By Alan White
The financial crisis is now being attributed by the Wall Street Journal editors and other right wingers to the Community Reinvestment Act. The CRA requires banks to provide loans and financial services in underserved communities, particularly poor and minority neighborhoods. This blame-the-victim theory does not withstand fact-based analysis.
The blame-the-CRA theory says that the subprime mess was caused by weak-hearted lenders pushed by misguided bureaucrats into making loans to poor people and minorities who can't repay them. Nothing could be further from the truth. First, subprime mortgages that are now defaulting in droves were made mostly by unregulated mortgage bankers with no CRA obligations or oversight. Second, the Alt-A mortgages that are a major part of the crisis were made mostly to middle-and upper-income white borrowers who didn't want to verify income or wanted a bigger loan than a prime lender would offer. Third, loans made by banks to fulfill CRA obligations, even those to very low-income homebuyers, perform quite well. Fourth, the only category of mortgages in which the foreclosure and default rates are not going up is the FHA program, a program that makes loans almost exclusively to low- and moderate-income Americans, many of them African-American and Latino. The bottom line is that it was the design of subprime mortgages, not the selection of borrowers, that caused them to default in massive numbers. Lenders can make sound loans to underserved groups, or they can make overpriced dangerously risky loans.

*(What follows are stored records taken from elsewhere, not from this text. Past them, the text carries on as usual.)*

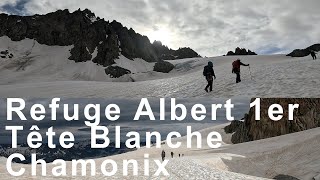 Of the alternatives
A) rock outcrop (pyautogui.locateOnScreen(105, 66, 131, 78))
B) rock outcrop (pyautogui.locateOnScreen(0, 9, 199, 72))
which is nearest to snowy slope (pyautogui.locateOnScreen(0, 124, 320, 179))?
rock outcrop (pyautogui.locateOnScreen(105, 66, 131, 78))

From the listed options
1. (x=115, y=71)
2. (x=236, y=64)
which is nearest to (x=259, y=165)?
(x=236, y=64)

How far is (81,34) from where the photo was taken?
155 meters

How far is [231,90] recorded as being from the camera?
22.6 metres

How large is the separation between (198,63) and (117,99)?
87.0m

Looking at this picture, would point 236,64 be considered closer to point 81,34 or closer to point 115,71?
point 115,71

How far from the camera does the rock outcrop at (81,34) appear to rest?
485ft

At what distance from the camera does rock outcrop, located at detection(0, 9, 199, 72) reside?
147750 millimetres

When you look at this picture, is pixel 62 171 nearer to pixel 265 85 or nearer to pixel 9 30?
pixel 265 85

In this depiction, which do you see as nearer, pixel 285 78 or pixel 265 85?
pixel 265 85

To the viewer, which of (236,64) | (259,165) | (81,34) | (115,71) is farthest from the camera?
(81,34)

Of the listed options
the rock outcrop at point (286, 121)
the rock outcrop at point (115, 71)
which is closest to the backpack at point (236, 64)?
the rock outcrop at point (286, 121)

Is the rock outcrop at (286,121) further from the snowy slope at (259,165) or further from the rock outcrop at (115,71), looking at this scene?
the rock outcrop at (115,71)

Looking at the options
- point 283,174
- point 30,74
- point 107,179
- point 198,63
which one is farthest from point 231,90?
point 30,74

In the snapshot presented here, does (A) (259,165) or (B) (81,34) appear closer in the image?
(A) (259,165) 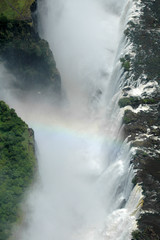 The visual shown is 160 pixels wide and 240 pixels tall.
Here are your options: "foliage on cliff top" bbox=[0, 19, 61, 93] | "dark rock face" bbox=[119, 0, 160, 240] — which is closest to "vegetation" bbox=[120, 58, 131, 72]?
"dark rock face" bbox=[119, 0, 160, 240]

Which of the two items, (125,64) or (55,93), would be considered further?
(55,93)

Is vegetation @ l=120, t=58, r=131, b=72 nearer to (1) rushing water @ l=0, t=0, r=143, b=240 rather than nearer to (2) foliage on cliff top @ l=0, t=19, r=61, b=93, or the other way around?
(1) rushing water @ l=0, t=0, r=143, b=240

The only tiny grain of truth in this blame-the-CRA theory is that HUD, under the Bush Administration, agreed to give Fannie Mae and Freddie Mac credit for buying subprime mortgage-backed securities to meet their affordable housing goals. Fannie and Freddie's affordable housing goals are not technically part of the CRA but they are motivated by the same goals. The problem here is not the goal but the means. CRA and consumer advocates consistently opposed counting high-cost, high-risk subprime loans as meeting any bank or GSE's affordable housing goals, but the laissez-faire HUD and OFHEO regulators went along. The same right-wingers now blaming the CRA were praising subprime lending a few years ago as the solution to meet the needs of previously underserved homebuyers. CRA advocates, on the other hand, have never confused subprime lending with community reinvestment.